Barbecue U Course Recipes

Mexican Asada

Carne Asada


  • 2 lbs. skirt steak
  • 1/3 cup olive oil
  • 1/4 cup soy sauce
  • 2 limes, zested and juiced
  • 2 tbsp. red wine vinegar
  • 2 tbsp. cane sugar
  • 1/2 cup chopped onion
  • 1 tsp. freshly ground black pepper
  • 1 tsp. whole cumin seeds, toasted, then ground
  • 4 garlic cloves, minced
  • 1 jalapeno chili pepper, seeded and minced
  • 1/2 bunch fresh cilantro, finely chopped (about 1/2 cup)
  • Salt and pepper


Place all ingredients in a bowl and mix well.

Place steak and marinade in a ziplock bag and make sure all air is removed. Marinate for a minimum of 4 hrs; ideally until the next day.

Cook on a hot, seasoned grill until about medium rare. Slice against the grain and serve on a salad.

Fish Tacos with Chimichurri Sauce


  • 1 1/2 lbs. fresh cod
  • 1/4 cup cilantro, chopped
  • 1 lime, juiced and zested
  • 2 garlic cloves, chopped
  • 3 tbsp. olive oil
  • 6 peppercorns, crushed
  • Himalayan salt block


Mix ingredients in a bowl. Cover and refrigerate for 20 mins.

Heat the salt block, starting at low for 5 mins., then medium for 5 mins. and so on until you reach high heat. Place the fish on the salt block, cook for around 5 mins, flip, and cook for another 3 mins. Let rest.

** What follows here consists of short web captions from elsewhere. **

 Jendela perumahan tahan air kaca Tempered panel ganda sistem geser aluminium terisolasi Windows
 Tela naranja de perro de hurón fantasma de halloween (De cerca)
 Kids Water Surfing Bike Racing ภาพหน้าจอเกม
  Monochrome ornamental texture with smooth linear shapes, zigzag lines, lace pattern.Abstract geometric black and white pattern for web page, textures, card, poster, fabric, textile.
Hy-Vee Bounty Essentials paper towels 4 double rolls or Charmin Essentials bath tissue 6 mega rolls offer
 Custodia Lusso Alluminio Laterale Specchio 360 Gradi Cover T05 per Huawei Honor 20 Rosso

Heat up a cast iron skillet (lightly oiled) and add tortillas. Cook for around 30 secs. per side.

Handmade Tortillas


  • 2 cups flour
  • 1/2 tsp. salt
  • 1/4 cup vegetable shortening or 1/4 cup vegetable oil
  • 1 tsp. baking powder
  • 1/2 cup warm water or 1/2 cup milk


Sift the flour, salt & baking powder into a large mixing bowl. Cut in the shortening (or add oil if using this option), and mix with your fingertips to combine. Add the milk or water, working the liquid into the dough until a sticky ball forms. Wrap in plastic and let rest for at least 30 mins.

Divide the dough into 8–10 balls for small tortillas or 6–8 balls for larger ones and cover again with a damp cloth. Lightly dust a counter or pastry board with flour and roll out each ball of dough into a circle or oval, approximately 1/4″ thick. If you want nicely rounded tortillas, trim off any ragged edges and discard. Don’t roll the dough out more than once or the tortillas will be tough.

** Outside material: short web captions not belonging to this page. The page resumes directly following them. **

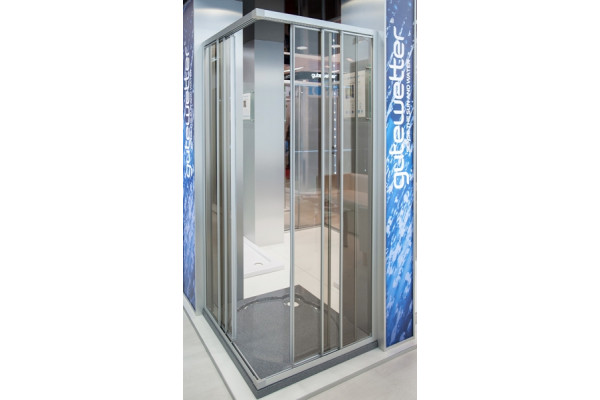 Душевой уголок GuteWetter Practic Square GK-433 95x95 см стекло бесцветное, профиль матовый хром, квадратный, двери раздвижные
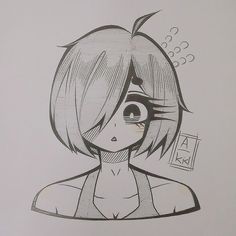 a drawing of a girl with her eyes closed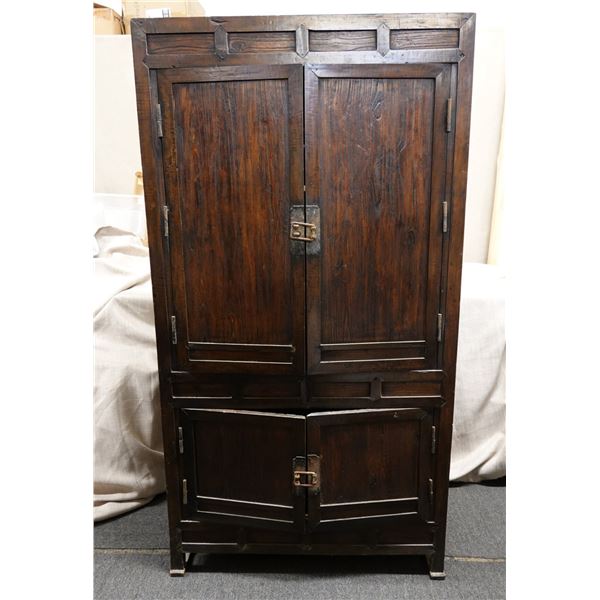 Wooden Armoire Cabinet w/ Metal Hardware & Inside Shelving 33" x 17" x 62"H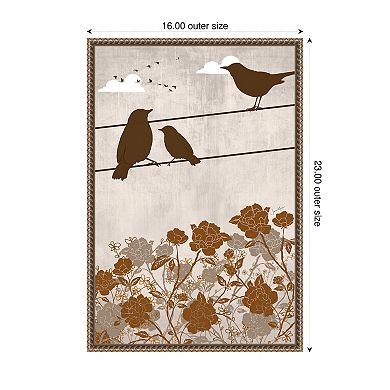 Three Brown Birds by Jemma Morris Framed Canvas Wall Art Print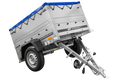 Pkw Anhänger Neu GARDEN TRAILER 150 KIPP mit zusätzlichen Bordwänden, Stützrad und blauer Flachplane-Neu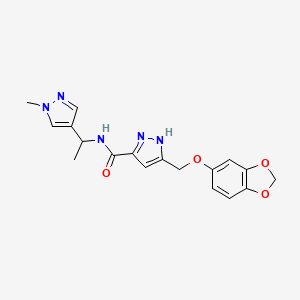 molecular formula C18H19N5O4 B6116114 5-[(1,3-benzodioxol-5-yloxy)methyl]-N-[1-(1-methyl-1H-pyrazol-4-yl)ethyl]-1H-pyrazole-3-carboxamide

Heat a dry griddle or heavy skillet over high heat for 5 minutes. Cook the tortillas for 30 secs. on each side or until the dough looks dry and slightly wrinkled and a few brown spots form on both surfaces. Do not overcook or they will be hard. Butter, roll up and wrap in a damp tea towel to keep warm as you cook the other tortillas.

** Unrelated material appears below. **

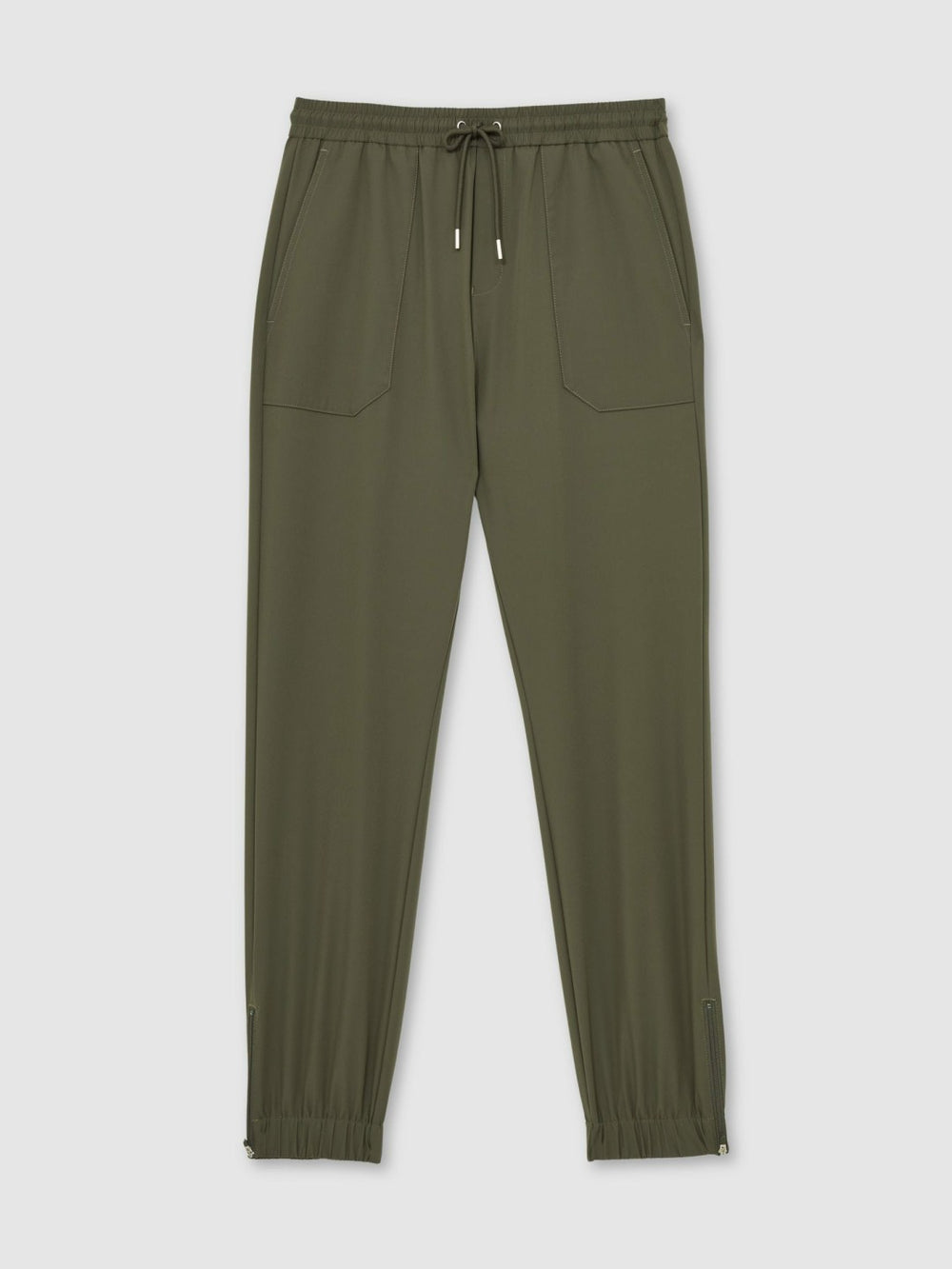 Men Drawstring Technical Cuffed Trousers in Green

Grilled Cornish Hen and Onion Enchiladas


  • 3 tbsp. vegetable oil
  • 1 1/2 lbs. Cornish hen
  • Salt and pepper
  • 2 tsp. cumin powder
  • 1 tsp. paprika
  • 1 red onion or scallions, grilled and chopped
  • 2 cloves garlic, minced
  • 5 whole green chilis, seeded and coarsely chopped
  • 1 cup shredded cheese
  • Fresh tortillas from the previous recipe


Place hen on the wood fire and cook for 12–15 mins. Take the hen from the heat and allow to rest.

After resting, shred the hen and set aside. Now grill the onions and chilis until they’re done, mix with the hen and add half of the cheese. Roll the mixture into an 8 inch tortilla. Place the rolled enchiladas into a pan in a close row. Cover with remaining cheese and bake until the cheese is melted.

Once plated, cover with fresh salsa verde and enjoy!

Queso Fundido


  • 1 cup Queso Fresco
  • 1/2 cup mozzarella
  • 1/2 cup Pecorino
  • 2 jalapenos
  • 1 chorizo sausage
  • 10 mushrooms


Melt the cheese on low heat in a pot or dish.

Dice the chorizo and place in a skillet until it starts popping. Remove from heat.

Grill the jalapenos and chop after cooked. Sauté the mushrooms and set aside.

Place the melted cheese in a serving dish and spread the chorizo, jalapenos and mushrooms over the top. Serve with fresh, hot tortillas.